この「Will(意思)」のステージで決めたものが、基本的には行動計画となります。行動計画を決めた後は、それを実行することになります。

行動計画を決める際にGROWモデルが有用な点

繰り返しになりますが、GROWモデルが有用な点は、「Reality(現状)」と「Options(選択肢)」という二つのステージが、間に入っているため、行動計画を決める際に、いきなり何をするかを決めるのではなく、「現状ってどうなんだっけ?」と「どんなやり方があり得るんだっけ?」と立ち止まって考えることができることにあると思います。

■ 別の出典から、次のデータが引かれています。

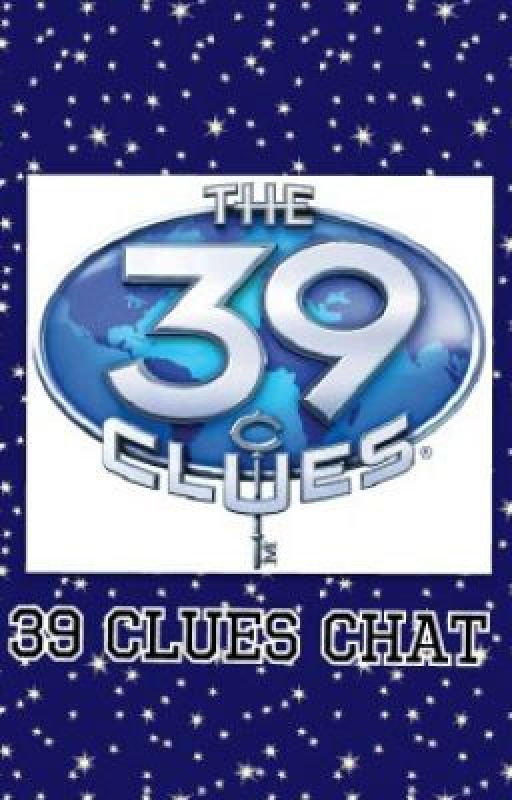 39 Clues Chats by cheerfuljanus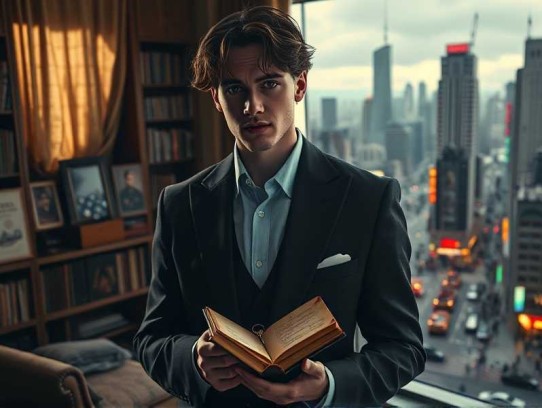 继承的遗产.现代ABO 广播剧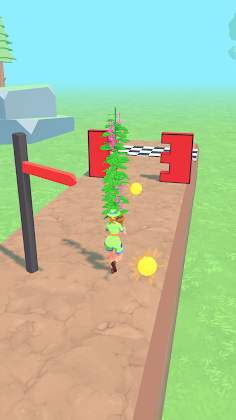Plant Runner - Screenshot 4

もちろん、行動計画は、計画ですので、数ヶ月した後に、うまく出来ていないということもあり得ると思います。その際は、再度、GROWモデルを回し、特に「Reality(現状)」において、なぜ出来ていないのかを認識し、それに合わせて、行動計画を調整することが大切だと思います。よって、新年の抱負を確実に達成するためには、新年に行動計画を決めるだけではなく、数ヶ月おきに、行動計画の実施状況を内省し、修正が必要な場合は修正するということを行った方が、達成の実現性が高まると思います。最後に、今回は例として新年の抱負を利用しただけですので、何も、本当に新年の抱負に対してこれだけの考えをするべきだというものではありません。



現在、GROWモデルといったコーチングおよび内省や経験学習のフレームワークを活用した、目標およびアクションマネージメントシステムを開発しております。製品に関するご意見を募集しておりますので、何かございましたら、以下よりお気軽にご意見お寄せください。


この記事が気に入ったらサポートをしてみませんか?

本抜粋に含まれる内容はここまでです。